Re: [PATCH v2 1/2] iommu/virtio: Make use of ops->iotlb_sync_map

From: Robin Murphy
Date: Mon Sep 25 2023 - 13:24:04 EST


On 2023-09-25 14:29, Jason Gunthorpe wrote:
On Mon, Sep 25, 2023 at 02:07:50PM +0100, Robin Murphy wrote:
On 2023-09-23 00:33, Jason Gunthorpe wrote:
On Fri, Sep 22, 2023 at 07:07:40PM +0100, Robin Murphy wrote:

virtio isn't setting ops->pgsize_bitmap for the sake of direct mappings
either; it sets it once it's discovered any instance, since apparently it's
assuming that all instances must support identical page sizes, and thus once
it's seen one it can work "normally" per the core code's assumptions. It's
also I think the only driver which has a "finalise" bodge but *can* still
properly support map-before-attach, by virtue of having to replay mappings
to every new endpoint anyway.

Well it can't quite do that since it doesn't know the geometry - it
all is sort of guessing and hoping it doesn't explode on replay. If it
knows the geometry it wouldn't need finalize...

I think it's entirely reasonable to assume that any direct mappings
specified for a device are valid for that device and its IOMMU. However, in
the particular case of virtio, it really shouldn't ever have direct mappings
anyway, since even if the underlying hardware did have any, the host can
enforce the actual direct-mapping aspect itself, and just present them as
unusable regions to the guest.

I assume this machinery is for the ARM GIC ITS page....

Again, that's irrelevant. It can only be about whether the actual
->map_pages call succeeds or not. A driver could well know up-front that all
instances support the same pgsize_bitmap and aperture, and set both at
->domain_alloc time, yet still be unable to handle an actual mapping without
knowing which instance(s) that needs to interact with (e.g. omap-iommu).

I think this is a different issue. The domain is supposed to represent
the actual io pte storage, and the storage is supposed to exist even
when the domain is not attached to anything.

As we said with tegra-gart, it is a bug in the driver if all the
mappings disappear when the last device is detached from the domain.
Driver bugs like this turn into significant issues with vfio/iommufd
as this will result in warn_on's and memory leaking.

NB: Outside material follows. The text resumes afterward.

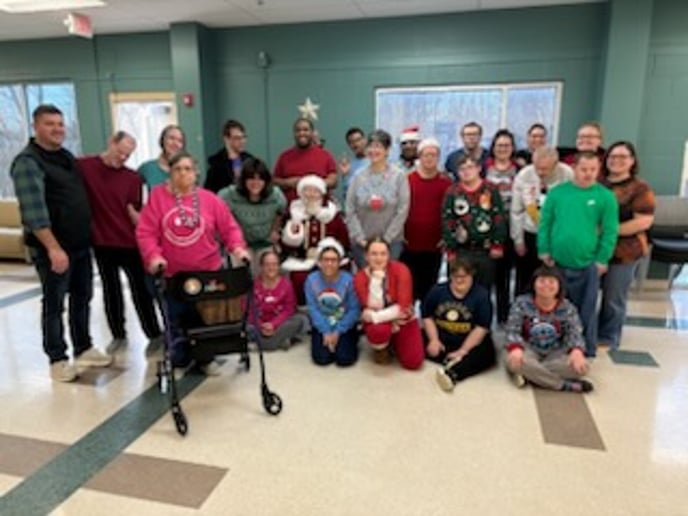 Gallery photo 3 of Santa Ross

So, I disagree that this is something we should be allowing in the API
design. map_pages should succeed (memory allocation failures aside) if
a IOVA within the aperture and valid flags are presented. Regardless
of the attachment status. Calling map_pages with an IOVA outside the
aperture should be a caller bug.

It looks omap is just mis-designed to store the pgd in the omap_iommu,
not the omap_iommu_domain :( pgd is clearly a per-domain object in our
API. And why does every instance need its own copy of the identical
pgd?

The point wasn't that it was necessarily a good and justifiable example, just that it is one that exists, to demonstrate that in general we have no reasonable heuristic for guessing whether ->map_pages is going to succeed or not other than by calling it and seeing if it succeeds or not. And IMO it's a complete waste of time thinking about ways to make such a heuristic possible instead of just getting on with fixing iommu_domain_alloc() to make the problem disappear altogether. Once Joerg pushes out the current queue I'll rebase and resend v4 of the bus ops removal, then hopefully get back to despairing at the hideous pile of WIP iommu_domain_alloc() patches I currently have on top of it...

Thanks,
Robin.